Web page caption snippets
_ _ _ _ _

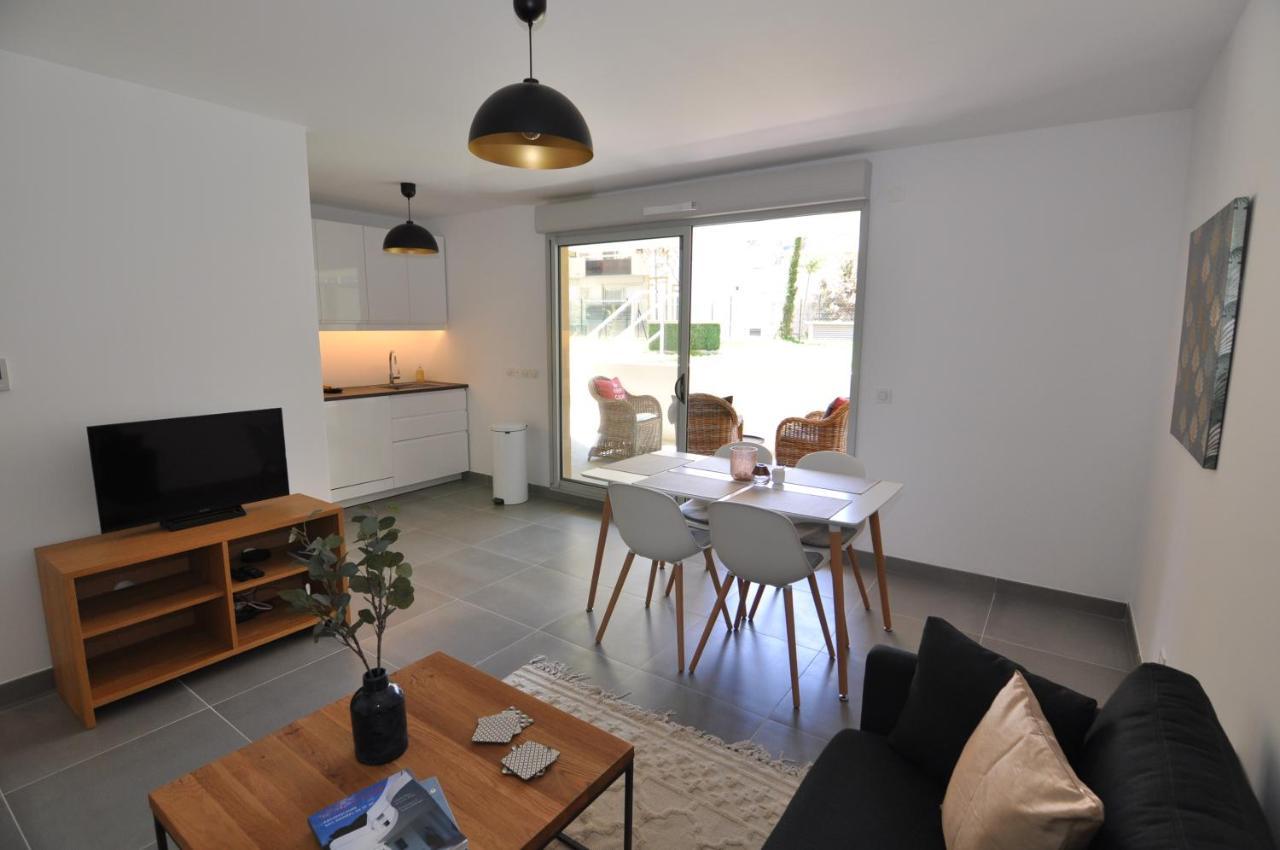 Fantastic Two-bedroom Apartment - Le Jardin des Iles Antibes Extérieur photo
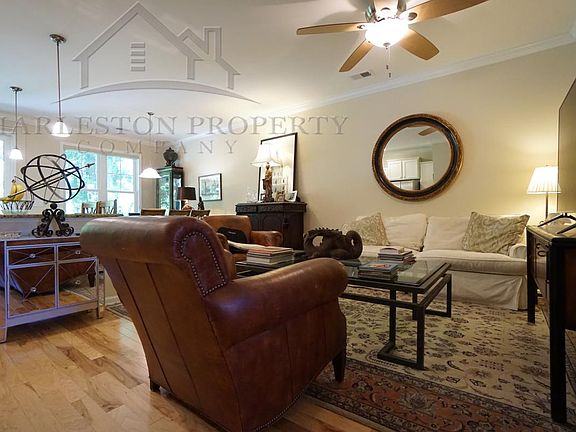 5th image of 3372 Eastman Dr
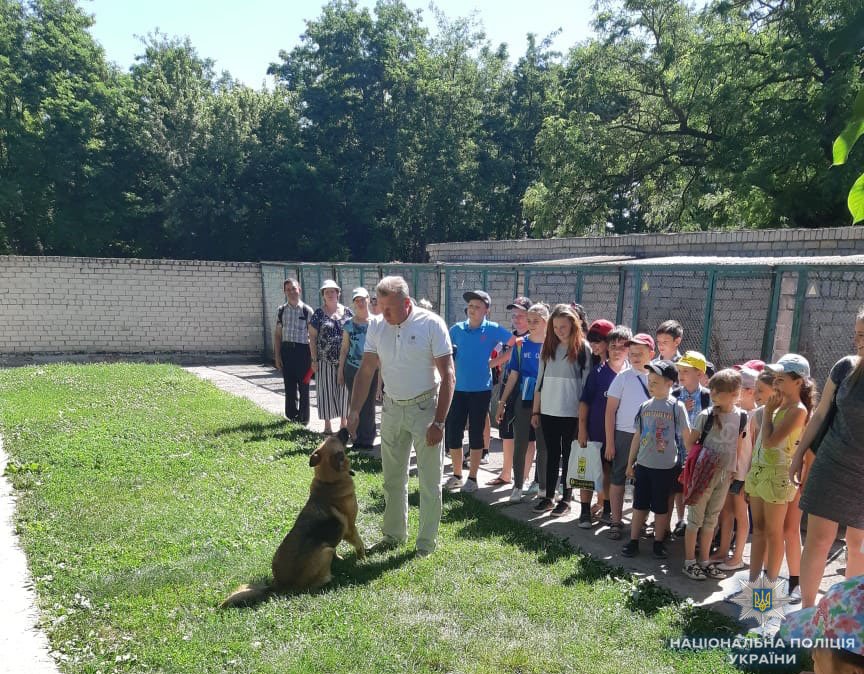 В Херсоні ювенальні поліцейські провели для школярів екскурсію у кінологічному центрі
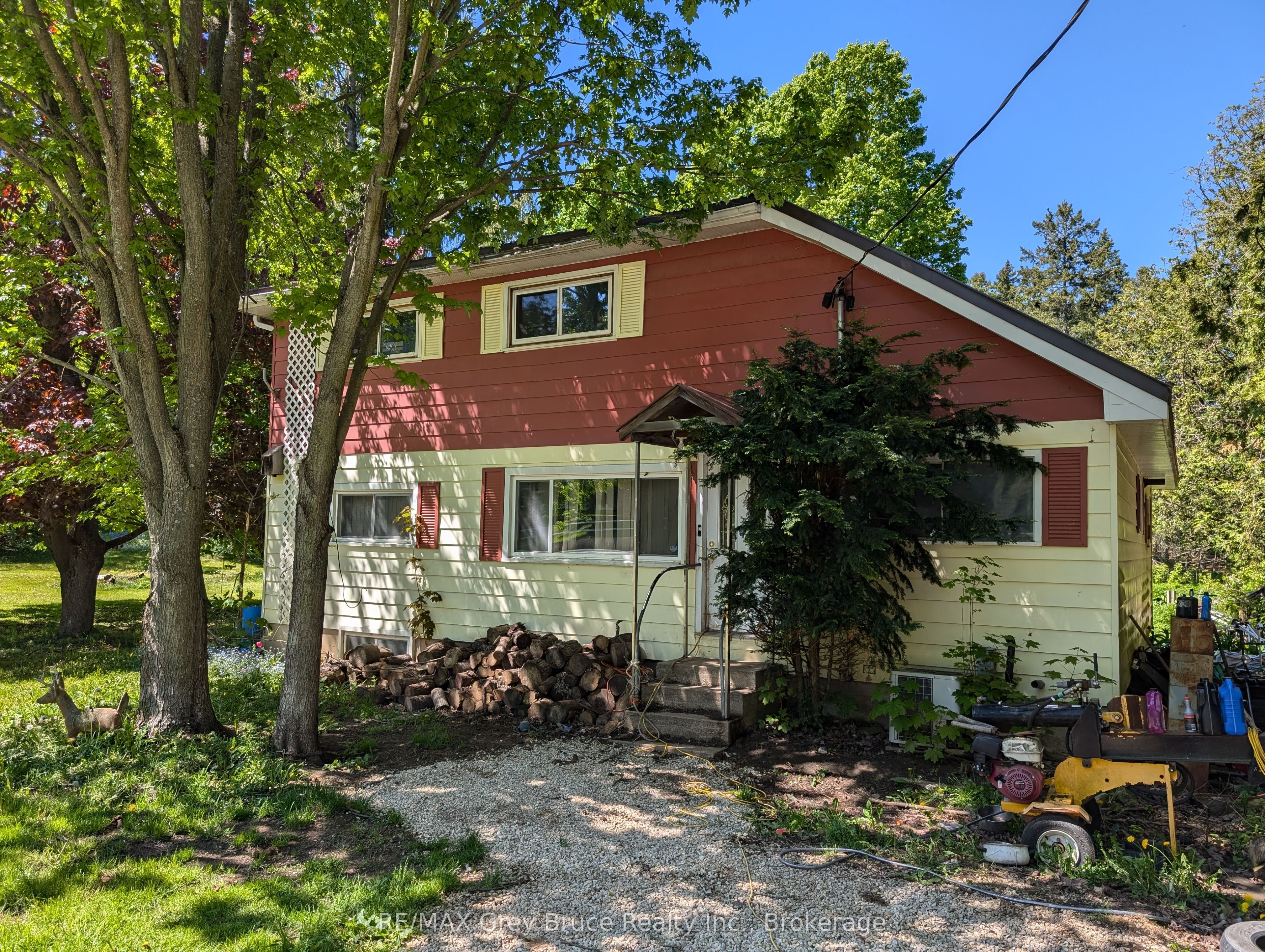 316056 Hwy 6 Property Photo 1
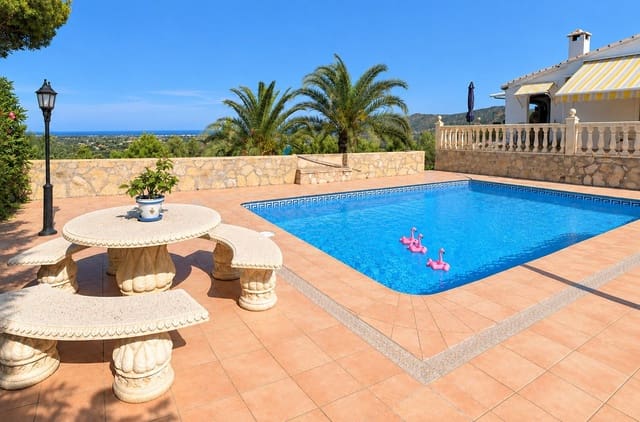 Chalet de 3 habitaciones en Pedreguer en venta con piscina garaje - 525.000 € (Ref: 10070299)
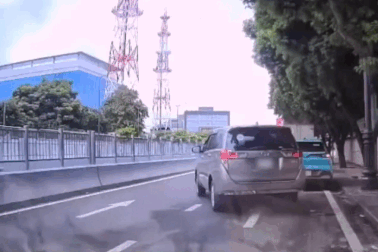 Chiếc Fortuner lật nghiêng sau cú va chạm với xe Innova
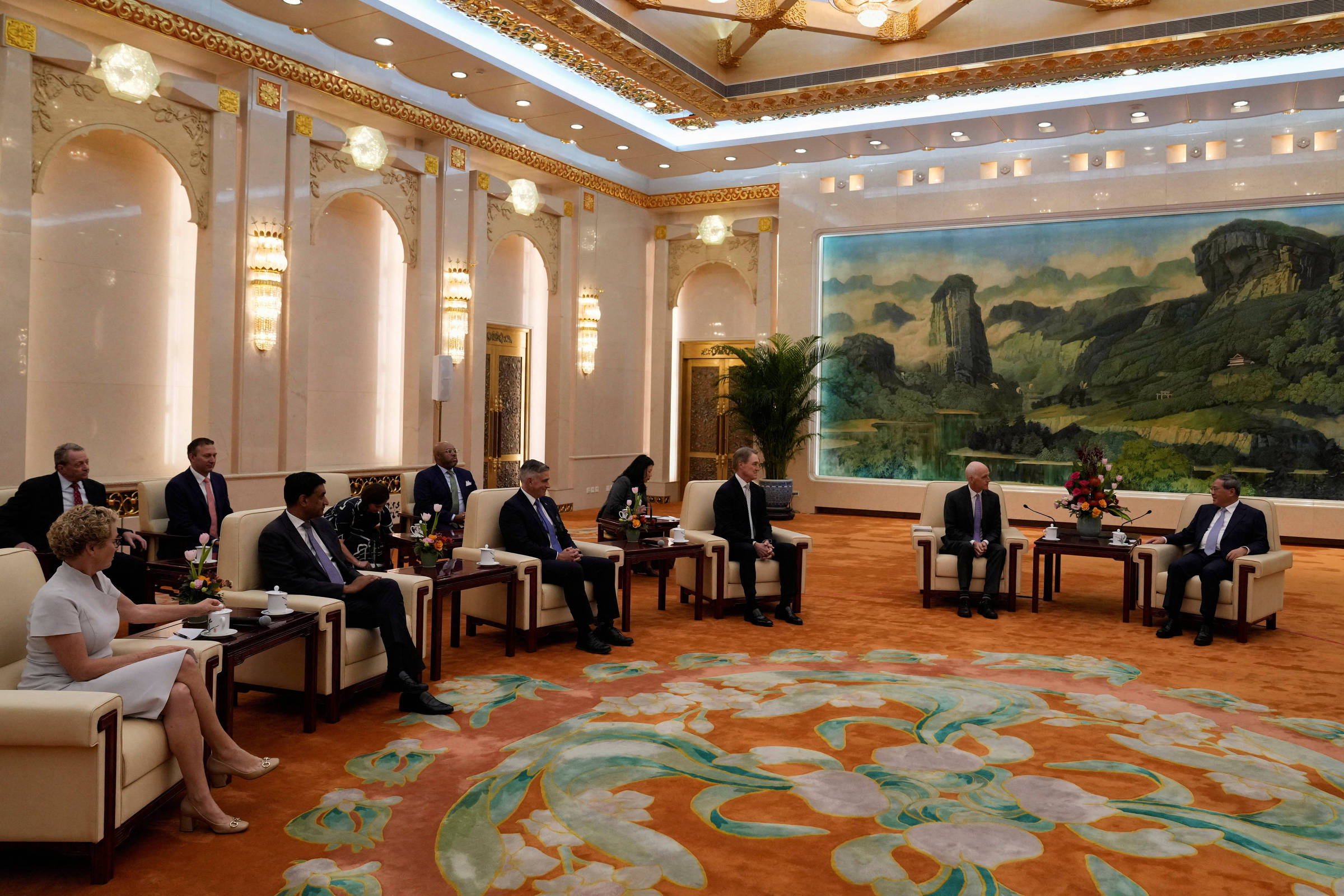 Premiê chinês recebe deputados dos EUA em visita à China – 22/09/2025 – Mercado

_ _ _ _ _

• How to complete this task:
A verbatim copy of every record above is required, with all pictures omitted.

• Final answer:
 Fantastic Two-bedroom Apartment - Le Jardin des Iles Antibes Extérieur photo
 5th image of 3372 Eastman Dr
 В Херсоні ювенальні поліцейські провели для школярів екскурсію у кінологічному центрі
 316056 Hwy 6 Property Photo 1
 Chalet de 3 habitaciones en Pedreguer en venta con piscina garaje - 525.000 € (Ref: 10070299)
 Chiếc Fortuner lật nghiêng sau cú va chạm với xe Innova
 Premiê chinês recebe deputados dos EUA em visita à China – 22/09/2025 – Mercado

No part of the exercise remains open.